First and foremost, the nonspecialist should understand that when Kim and the other doctors on the team speak of progress, it is in relative terms, given that the patient has suffered severe brain damage. “‘Leaps and bounds’ means much faster recovery than the average patient from a similar type of thing,” Kim says. When he says that he is having conversations with Giffords, he means that he has asked her a question (“How are you today?”) and that she has answered (“I’m better”). Kim adds that there is a bottom line for all such patients, whatever their recovery curve. “If somebody has a severe brain injury, are they ever going to be like they were before? The answer is no. They are never going to be the exact same person.”
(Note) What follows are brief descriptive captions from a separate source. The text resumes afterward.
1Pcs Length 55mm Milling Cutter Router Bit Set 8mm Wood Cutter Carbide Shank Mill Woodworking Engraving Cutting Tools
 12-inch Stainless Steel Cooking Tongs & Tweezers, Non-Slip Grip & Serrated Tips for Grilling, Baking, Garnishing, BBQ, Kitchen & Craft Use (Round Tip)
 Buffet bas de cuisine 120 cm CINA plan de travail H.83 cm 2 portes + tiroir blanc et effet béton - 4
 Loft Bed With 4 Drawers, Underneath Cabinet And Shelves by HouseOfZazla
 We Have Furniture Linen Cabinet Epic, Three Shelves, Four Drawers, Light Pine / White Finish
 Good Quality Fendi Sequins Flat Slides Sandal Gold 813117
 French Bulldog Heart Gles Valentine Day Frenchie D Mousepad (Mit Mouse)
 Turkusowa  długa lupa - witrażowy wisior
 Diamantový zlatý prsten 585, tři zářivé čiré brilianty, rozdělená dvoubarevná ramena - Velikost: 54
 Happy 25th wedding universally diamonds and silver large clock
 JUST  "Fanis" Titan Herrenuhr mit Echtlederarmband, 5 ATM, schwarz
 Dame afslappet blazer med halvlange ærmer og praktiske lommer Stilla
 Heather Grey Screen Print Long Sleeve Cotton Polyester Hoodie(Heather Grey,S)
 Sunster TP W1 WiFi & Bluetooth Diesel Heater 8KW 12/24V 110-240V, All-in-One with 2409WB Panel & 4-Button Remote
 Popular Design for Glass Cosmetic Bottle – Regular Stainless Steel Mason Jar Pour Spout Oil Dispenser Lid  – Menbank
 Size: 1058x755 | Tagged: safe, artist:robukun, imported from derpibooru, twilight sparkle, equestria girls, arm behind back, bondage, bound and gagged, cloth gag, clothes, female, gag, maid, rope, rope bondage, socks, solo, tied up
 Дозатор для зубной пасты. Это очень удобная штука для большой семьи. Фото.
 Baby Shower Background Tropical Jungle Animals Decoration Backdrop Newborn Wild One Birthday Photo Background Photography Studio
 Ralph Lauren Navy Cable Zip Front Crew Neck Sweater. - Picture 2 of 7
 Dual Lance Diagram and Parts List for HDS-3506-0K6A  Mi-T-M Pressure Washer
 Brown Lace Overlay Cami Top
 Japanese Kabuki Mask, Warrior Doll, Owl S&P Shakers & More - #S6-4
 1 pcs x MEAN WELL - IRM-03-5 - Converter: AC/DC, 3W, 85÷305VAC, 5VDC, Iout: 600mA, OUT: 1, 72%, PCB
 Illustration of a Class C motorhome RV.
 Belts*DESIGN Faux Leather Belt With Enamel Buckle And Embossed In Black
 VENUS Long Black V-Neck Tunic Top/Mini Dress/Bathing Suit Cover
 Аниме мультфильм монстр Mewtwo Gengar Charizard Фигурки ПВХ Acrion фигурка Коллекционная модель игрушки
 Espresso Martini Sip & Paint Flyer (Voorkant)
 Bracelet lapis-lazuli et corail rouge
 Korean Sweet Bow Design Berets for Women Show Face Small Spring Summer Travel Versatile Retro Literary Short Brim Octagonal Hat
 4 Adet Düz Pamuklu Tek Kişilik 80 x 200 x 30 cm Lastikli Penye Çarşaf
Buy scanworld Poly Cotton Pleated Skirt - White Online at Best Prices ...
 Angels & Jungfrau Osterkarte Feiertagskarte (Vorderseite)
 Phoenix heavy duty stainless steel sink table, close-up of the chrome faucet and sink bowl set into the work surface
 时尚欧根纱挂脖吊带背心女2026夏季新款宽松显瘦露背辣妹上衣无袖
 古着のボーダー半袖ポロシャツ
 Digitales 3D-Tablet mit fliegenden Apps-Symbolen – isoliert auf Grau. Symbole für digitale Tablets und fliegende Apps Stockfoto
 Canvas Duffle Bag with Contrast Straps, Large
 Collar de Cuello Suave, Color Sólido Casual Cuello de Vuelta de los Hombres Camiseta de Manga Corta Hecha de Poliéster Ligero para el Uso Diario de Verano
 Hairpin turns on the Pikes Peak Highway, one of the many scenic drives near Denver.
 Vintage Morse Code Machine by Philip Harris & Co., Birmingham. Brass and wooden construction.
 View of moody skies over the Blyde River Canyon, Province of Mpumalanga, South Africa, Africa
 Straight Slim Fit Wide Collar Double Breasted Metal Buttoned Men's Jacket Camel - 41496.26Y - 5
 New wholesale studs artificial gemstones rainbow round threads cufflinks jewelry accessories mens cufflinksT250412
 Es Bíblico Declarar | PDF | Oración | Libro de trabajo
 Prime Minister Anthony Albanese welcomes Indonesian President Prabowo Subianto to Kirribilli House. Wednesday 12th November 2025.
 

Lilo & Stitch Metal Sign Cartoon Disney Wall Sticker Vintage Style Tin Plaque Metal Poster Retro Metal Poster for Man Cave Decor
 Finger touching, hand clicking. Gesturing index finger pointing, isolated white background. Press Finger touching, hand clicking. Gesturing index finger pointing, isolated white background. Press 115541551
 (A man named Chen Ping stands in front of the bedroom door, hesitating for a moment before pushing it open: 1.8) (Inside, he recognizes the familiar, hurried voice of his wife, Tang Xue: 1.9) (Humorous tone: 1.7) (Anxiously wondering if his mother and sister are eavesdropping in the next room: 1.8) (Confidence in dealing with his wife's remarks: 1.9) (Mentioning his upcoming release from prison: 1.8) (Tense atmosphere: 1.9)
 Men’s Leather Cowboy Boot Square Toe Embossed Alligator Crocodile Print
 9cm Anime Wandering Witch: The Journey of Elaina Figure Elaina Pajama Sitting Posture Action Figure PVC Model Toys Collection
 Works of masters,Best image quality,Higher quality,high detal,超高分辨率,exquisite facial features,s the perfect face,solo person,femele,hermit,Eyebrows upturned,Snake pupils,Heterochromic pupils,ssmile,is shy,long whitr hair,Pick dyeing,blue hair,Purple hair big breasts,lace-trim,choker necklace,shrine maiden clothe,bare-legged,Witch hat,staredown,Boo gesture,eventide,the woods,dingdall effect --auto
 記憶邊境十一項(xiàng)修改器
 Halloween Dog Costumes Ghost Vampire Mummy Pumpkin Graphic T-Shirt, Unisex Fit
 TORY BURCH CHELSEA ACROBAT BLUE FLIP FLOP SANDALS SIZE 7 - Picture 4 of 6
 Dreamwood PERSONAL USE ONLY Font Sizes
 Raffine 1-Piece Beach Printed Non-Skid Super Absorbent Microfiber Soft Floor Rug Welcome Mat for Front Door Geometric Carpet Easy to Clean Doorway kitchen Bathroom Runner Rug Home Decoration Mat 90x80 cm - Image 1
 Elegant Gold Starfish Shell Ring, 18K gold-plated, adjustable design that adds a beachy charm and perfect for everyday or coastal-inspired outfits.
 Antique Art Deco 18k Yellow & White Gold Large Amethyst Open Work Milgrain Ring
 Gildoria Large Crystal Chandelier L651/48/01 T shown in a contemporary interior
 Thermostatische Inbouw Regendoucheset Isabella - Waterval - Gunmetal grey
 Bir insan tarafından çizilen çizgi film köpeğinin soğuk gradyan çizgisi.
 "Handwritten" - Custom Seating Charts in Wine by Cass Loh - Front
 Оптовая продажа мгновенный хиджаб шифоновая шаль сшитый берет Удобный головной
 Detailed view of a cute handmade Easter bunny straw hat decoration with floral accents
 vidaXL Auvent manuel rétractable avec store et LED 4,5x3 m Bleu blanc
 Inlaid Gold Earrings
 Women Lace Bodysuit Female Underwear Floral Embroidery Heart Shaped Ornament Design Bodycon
Dr. Gerard Francisco, the physiatrist in charge of the Giffords medical team, says he is quite pleased with his patient’s progress, although he acknowledges that outsiders, especially the media, might be misinterpreting what the doctors and therapists are trying, however circumspectly, to describe. “It’s how we measure the change,” Francisco says. “Some people will expect changes to be big. I’m happy with small changes, as long as I see these changes every day, and that’s why I’m very encouraged. Some people would like things to get better within an hour, within a day, within a week. Rehab is not measured that way. It is a long-term process.” What Francisco and his rehab team aim for is an optimized “new normal” for each patient. “Everyone around her needs to understand, hey, this is a different situation,” says music therapist Meagan Morrow, who is working with Giffords. “After you have a brain injury, you are a different person. It doesn’t matter who you are.”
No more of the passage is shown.